This makes me curious - was it the language or the runtime characteristics?


It’s kind of sad that all this engineering effort was spent to essentially make the internet a worse place for everyone and waste users’ time and attention.

Imagine if a crime syndicate would brag about their efforts to make their worldwide criminal activities more efficient.


I can totally see where you're coming from. But major engineering achievements require efforts of many skilled people, who often like to be paid really well for their work. And the way the world works today is that a lot of big money is in the fields that are of questionable value to the society: advertising, finance, military, etc. And even in the fields that seem at first glance to be socially valuable, like health care, most of money comes not from healing people but from playing the game of "rip off public or private coverage providers".

Therefore I think the best we can hope for is that engineering breakthroughs achieved in profit driven fields will gradually leak into other fields where they can actually be used to improve people's lives.


This is why federal research and development agencies should pay higher salaries to attract said engineers.

Breakthroughs achieved would be funded by taxpayers and customers of these agencies and the patents for technology produced would be more likely enter the public domain.


It is very hard to get a large group of people to work efficiently towards some goal; very few organizations manage to do that. As far as I know such success stories are even more rare in the public sector than in the private sector. This means diverting resources away from private enterprise towards government agencies is not guaranteed to improve the situation.


Yeah I'd gladly switch to government work hours, retirement benefits, etc if they paid anywhere near what I make in finance.


... So when it's Google or FB blogging about technology originally developed to serve ads, it's hype and cool... But when the authors are more honest about the motivation behind developing a certain piece of tech, it's "kind of sad"?


I’ve never said anything Facebook or Google have done is ever cool, however I do understand your point of view as my opinion is not representative of what the majority of HN feels. But I’d like to set the record straight, I never think anything FB or Google is doing is cool.


Your opinion is exactly what the majority of HN feels.

As I read this article I was thinking "I bet the first comment on the article will just be complaining about the effort going into ads", and I wasn't wrong.

Honestly, it's becoming tiresome. Low latency computing is a great area to talk about, and instead it's derailed by this essentially off-topic discussion.


Do you legitimately think the world would be a better place if gmail, youtube, flickr, reddit, EVERY search engine, and basically every web content site disappeared?

Because that's what happens if you don't have web advertising. Free things disappear without revenue.

Or maybe you'd prefer to go back to the days of randomly-targeted or "PUNCH THE MONKEY" ads. Because THAT'S what happens without ad auctions and targeting.

The reality is: advertisers and ad-supported sites WANT to show you a relevant ad that you're likely to click (modulo obvious bad actors). That's how they get paid. Anything else is, by definition, "[wasting] users' time and attention."

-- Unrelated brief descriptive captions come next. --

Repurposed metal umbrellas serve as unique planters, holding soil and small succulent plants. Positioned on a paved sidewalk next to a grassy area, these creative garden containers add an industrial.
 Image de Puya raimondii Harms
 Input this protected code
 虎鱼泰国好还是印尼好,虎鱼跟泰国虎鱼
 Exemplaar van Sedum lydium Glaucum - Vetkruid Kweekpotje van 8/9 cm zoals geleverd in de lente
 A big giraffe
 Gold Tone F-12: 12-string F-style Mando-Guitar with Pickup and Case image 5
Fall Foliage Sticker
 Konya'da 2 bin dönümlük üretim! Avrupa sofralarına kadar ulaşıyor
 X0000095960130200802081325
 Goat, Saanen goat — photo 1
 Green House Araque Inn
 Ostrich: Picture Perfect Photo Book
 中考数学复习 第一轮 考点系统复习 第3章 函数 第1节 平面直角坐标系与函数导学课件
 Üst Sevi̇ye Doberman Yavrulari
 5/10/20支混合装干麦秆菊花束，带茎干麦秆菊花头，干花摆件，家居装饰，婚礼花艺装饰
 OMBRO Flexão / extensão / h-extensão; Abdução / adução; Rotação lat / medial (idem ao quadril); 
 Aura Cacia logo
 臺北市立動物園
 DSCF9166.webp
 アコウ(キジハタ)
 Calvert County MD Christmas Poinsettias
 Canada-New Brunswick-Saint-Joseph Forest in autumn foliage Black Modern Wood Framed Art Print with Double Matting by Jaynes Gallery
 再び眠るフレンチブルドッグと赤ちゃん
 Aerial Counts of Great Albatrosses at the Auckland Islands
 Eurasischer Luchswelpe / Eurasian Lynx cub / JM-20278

A decade ago Amazon ads were for books and other products related to the page I was on. Today I get Amazon ads for whatever I had open on Amazon. I far prefer the old content-targeted ads to modern user-targeted ads.


No idea what the GP wants, but I want to go forward to a world where Westinghouse runs tasteful washing machine ads with no javascript on articles about buying a new home, instead of being able to microtarget me based on my income range and my regular visits to the laundromat to run washing machine ads next to articles about Syria.


Ultimately I ended up being convinced by Sam Harris' argument: that advertising convoluted our relationship with reality and we started expecting everything for free.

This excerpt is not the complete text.